Reproduce all the lines below exactly and omit the images.
Available data Start Marker
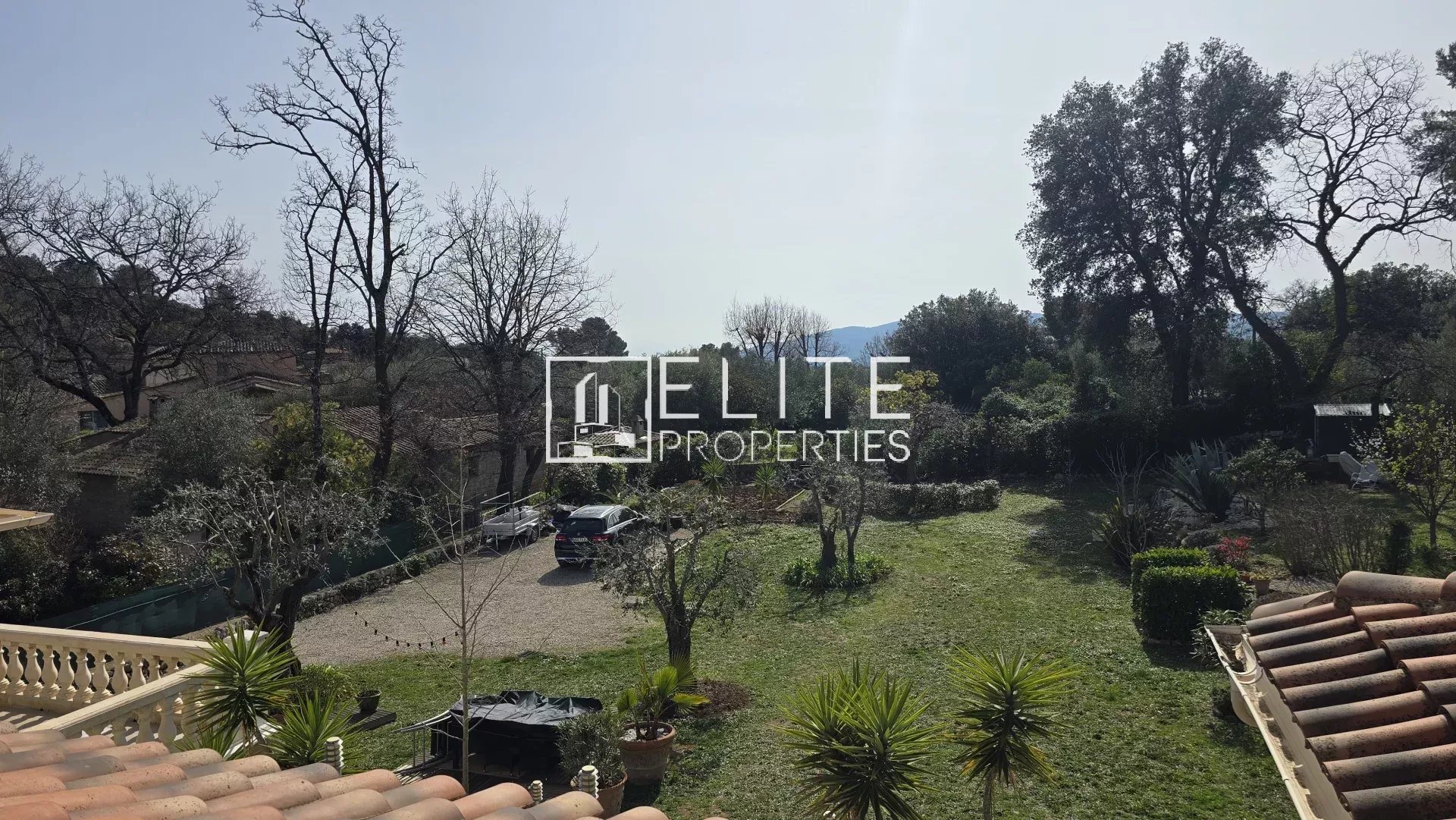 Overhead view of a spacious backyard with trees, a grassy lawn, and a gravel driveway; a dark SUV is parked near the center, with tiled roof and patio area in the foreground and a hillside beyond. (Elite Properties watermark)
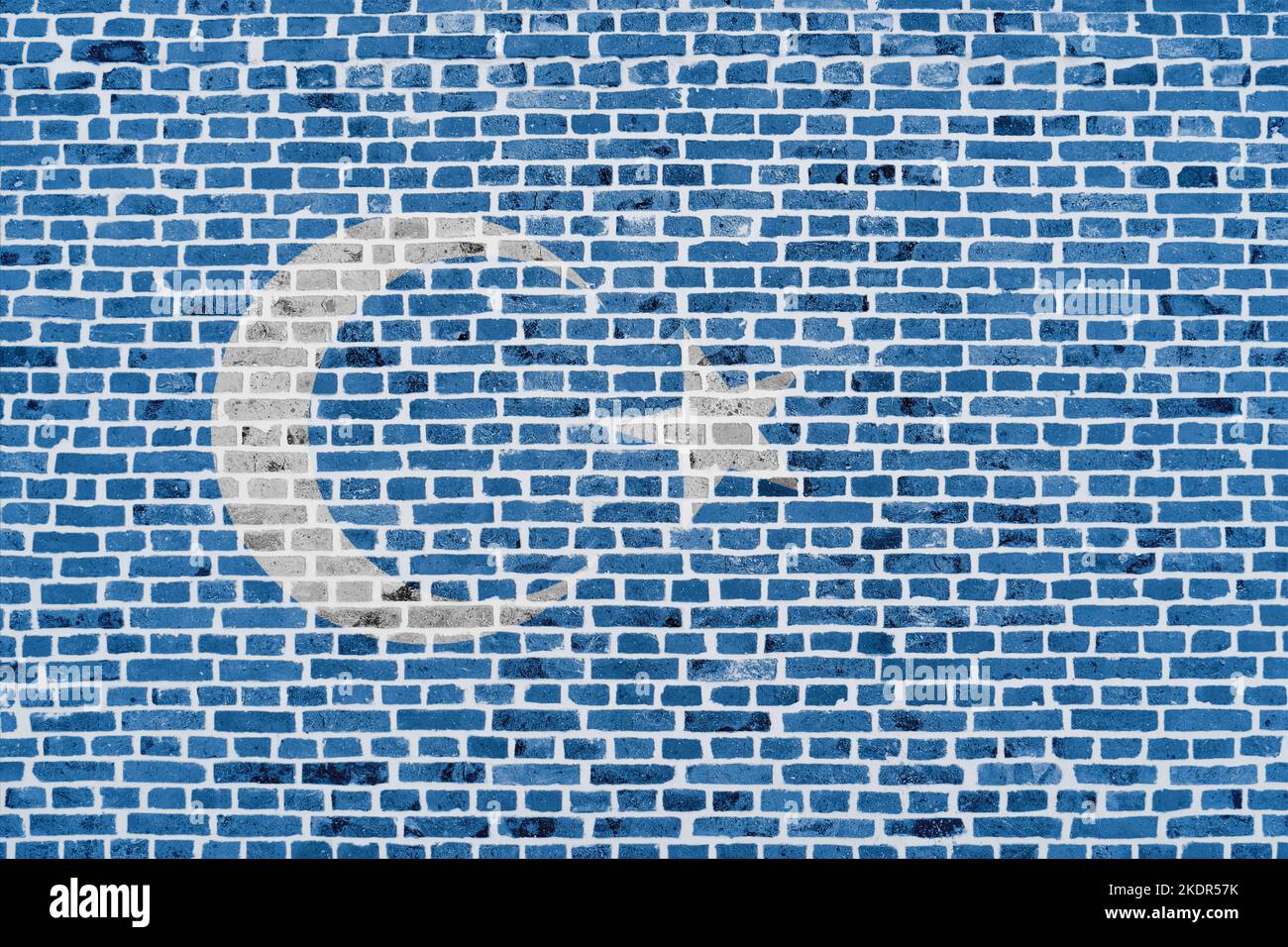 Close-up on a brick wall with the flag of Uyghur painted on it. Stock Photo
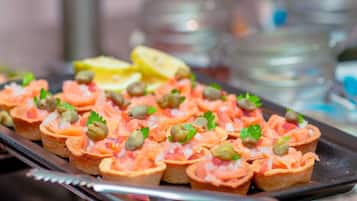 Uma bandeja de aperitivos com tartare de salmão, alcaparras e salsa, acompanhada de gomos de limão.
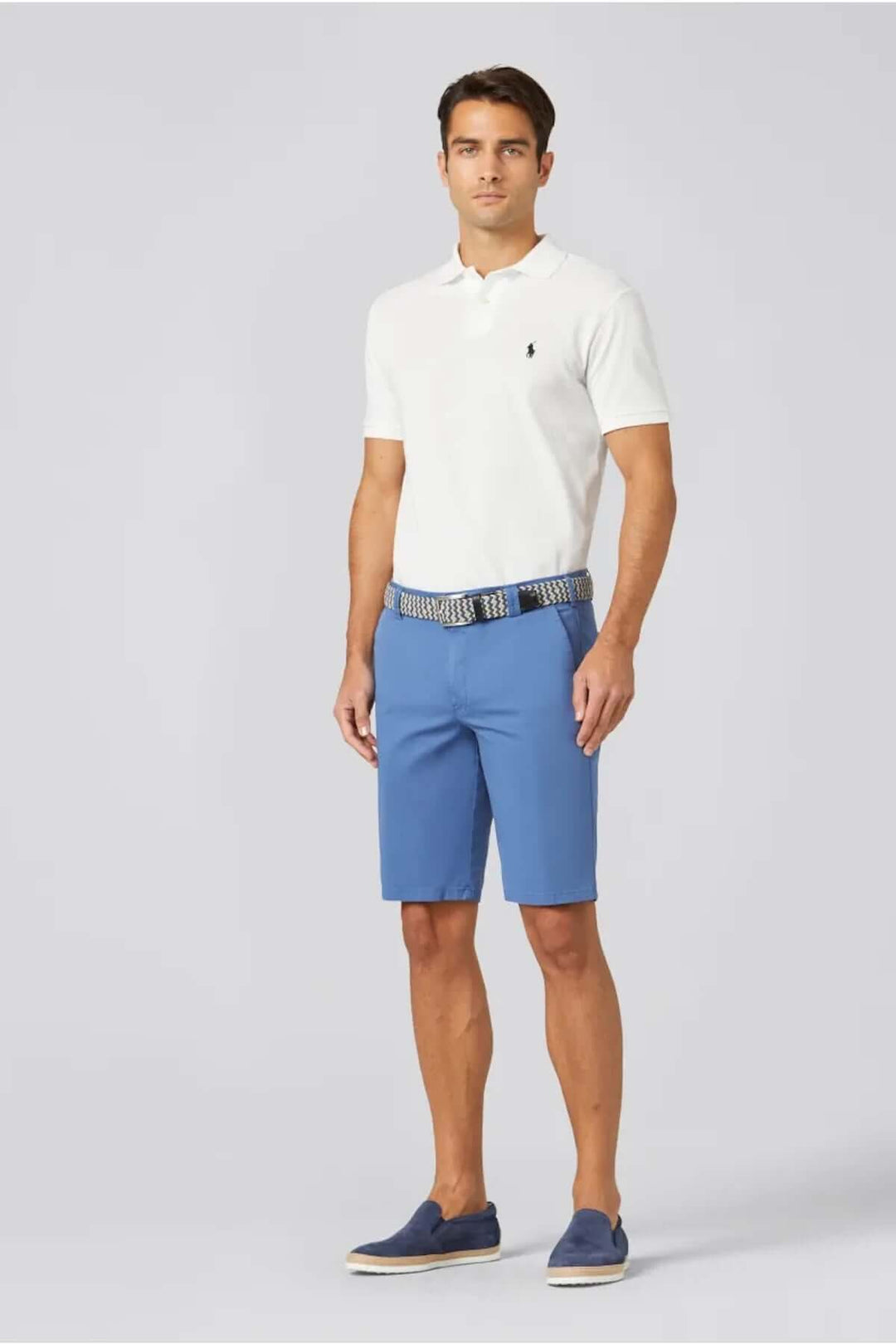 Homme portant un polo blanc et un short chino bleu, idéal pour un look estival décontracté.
Available data End Marker
* Result of the exercise:
 Overhead view of a spacious backyard with trees, a grassy lawn, and a gravel driveway; a dark SUV is parked near the center, with tiled roof and patio area in the foreground and a hillside beyond. (Elite Properties watermark)
 Close-up on a brick wall with the flag of Uyghur painted on it. Stock Photo
 Uma bandeja de aperitivos com tartare de salmão, alcaparras e salsa, acompanhada de gomos de limão.
 Homme portant un polo blanc et un short chino bleu, idéal pour un look estival décontracté.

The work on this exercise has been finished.